Week 3 – Activity Post: Benin

Childbirth, despite being universal, is a very cultural process. While women all across the world give birth each day, the experience a woman has delivering her baby varies; the location, protocol, and agency of the mother during childbirth is determined by one’s personal health background, their access to resources, cultural traditions and taboos, power hierarchies, and largely by who has ‘authoritative knowledge’.

Brigitte Jordan discusses the concept of authoritative knowledge in her 1992 article, using the instance of a high-tech American hospital birth as an example phenomenon to dissect. In her analysis of the labor and birthing process, Jordan highlights the seemingly insignificant nature in which the mother’s desire and bodily imperative to ‘push’ is regarded, by health professionals and assistants alike. Despite her intuitive logic urging her to expel the baby from her body, the process is halted by the medical staff (who vigorously check the scientific readings of EFM machine and put off the delivery with Lamaze breathing) until the official ‘say-so’ is given by the physician to begin pushing (Jordan 1992). In this scenario, childbirth is medicalized and the physician acts as the exclusive source of power in the delivery room; their training, intelligence, interpretation of scientific readings, and personal intuition is valued above all others (especially to that of the birthing mother).
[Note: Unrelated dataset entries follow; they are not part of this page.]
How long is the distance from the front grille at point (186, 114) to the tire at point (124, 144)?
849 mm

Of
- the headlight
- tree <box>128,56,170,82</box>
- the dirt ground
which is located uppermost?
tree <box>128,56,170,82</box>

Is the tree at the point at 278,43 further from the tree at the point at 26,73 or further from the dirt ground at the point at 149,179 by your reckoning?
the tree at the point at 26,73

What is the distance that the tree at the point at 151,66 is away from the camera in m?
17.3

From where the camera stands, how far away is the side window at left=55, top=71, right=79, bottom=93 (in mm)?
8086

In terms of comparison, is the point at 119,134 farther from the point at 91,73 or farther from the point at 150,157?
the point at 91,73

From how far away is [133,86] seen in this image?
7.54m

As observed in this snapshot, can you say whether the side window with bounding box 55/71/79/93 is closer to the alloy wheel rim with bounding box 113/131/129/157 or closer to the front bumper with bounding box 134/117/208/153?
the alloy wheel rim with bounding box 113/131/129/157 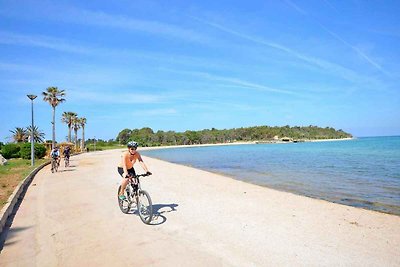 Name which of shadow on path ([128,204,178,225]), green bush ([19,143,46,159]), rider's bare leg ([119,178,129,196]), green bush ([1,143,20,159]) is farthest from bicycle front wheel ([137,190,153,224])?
green bush ([1,143,20,159])

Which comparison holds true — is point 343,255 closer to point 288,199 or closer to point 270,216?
point 270,216

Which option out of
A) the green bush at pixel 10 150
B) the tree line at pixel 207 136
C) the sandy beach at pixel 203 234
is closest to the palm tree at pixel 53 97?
the green bush at pixel 10 150

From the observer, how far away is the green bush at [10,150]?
126 ft

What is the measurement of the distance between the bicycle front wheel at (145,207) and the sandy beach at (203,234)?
8.2 inches

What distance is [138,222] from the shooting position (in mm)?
7551

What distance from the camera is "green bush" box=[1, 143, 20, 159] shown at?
3834cm

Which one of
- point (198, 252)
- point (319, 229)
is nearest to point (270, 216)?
point (319, 229)

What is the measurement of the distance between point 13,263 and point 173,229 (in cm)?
308

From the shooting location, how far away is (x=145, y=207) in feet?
24.4

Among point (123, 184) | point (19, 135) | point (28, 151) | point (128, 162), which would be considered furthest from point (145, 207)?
point (19, 135)

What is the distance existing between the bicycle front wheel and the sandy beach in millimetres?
209

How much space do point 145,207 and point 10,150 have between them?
38.3 m

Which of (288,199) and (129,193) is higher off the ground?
(129,193)

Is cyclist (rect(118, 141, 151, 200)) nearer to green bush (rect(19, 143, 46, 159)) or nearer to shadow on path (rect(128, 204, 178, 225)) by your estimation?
shadow on path (rect(128, 204, 178, 225))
This is not always the case in other countries.

In Benin, the birthing process is very different in the north and south. The Bariba people of the north believe that traditionally preferred labor and birth should occur alone and in the home with no attendants (i.e. midwives, health professionals, etc.). These birthing mothers hold the decision-making power, and they are expected to showcase independence and remain stoic in the face of pain to avoid communal shame (Sargent 1989). During labor, these women are supposed to go about with their normal days without alerting anyone that labor has begun, and it is their authority alone that they consult as they give birth; these women are known to request assistance only when it is time to cut the umbilical cord. Even in more high-risk cases, outside intervention is opposed, and the advice of an older woman is usually as ‘professionalized’ as Bariba women will accept from outside attendants/assistants (Sargent 1989). Birth is viewed by Bariba women as being natural and not pathological, making the presence of a specialist or physician wholly unnecessary.
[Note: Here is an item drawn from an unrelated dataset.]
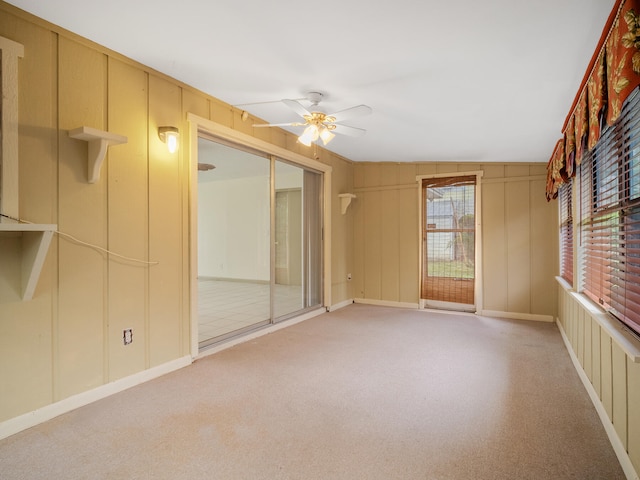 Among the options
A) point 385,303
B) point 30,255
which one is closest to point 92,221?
point 30,255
Women of the more urbanized south are much more likely than their northern counterparts to give birth in a hospitals or other healthcare facilities. Statistically speaking, an entire 97% of women in the southern areas of Cotonou, Porto Novo, and their surrounding areas deliver in health facilities. Birth attendants that Beninese women are most likely to encounter during the course of their pregnancy is a midwife, most who are females that have completed a three-year education in the major city of Cotonou (Harvey, et al. 2004). In health facilities, staff physicians also assist in birthing rights and supervise midwives during cases with complications. In these environments, advanced medical intervention is coupled with a lack of privacy, restrictions on who can accompany a woman into the delivery room, and the undeniable authority of the hospital staff. In this way, these more technologically advanced facilities serve as both a benefit and a hinderance on the birthing process for Beninese women. Culturally, the Fon people of the south are taught to embody the pain of labor by crying out and moving in response to it, in order to speed delivery and show the father of the child the extent to which the woman is suffering for the birth of their child. Often, this mobility and presence of the father at delivery can be overruled and prevented by facility regulations and the authoritative knowledge of healthcare physicians.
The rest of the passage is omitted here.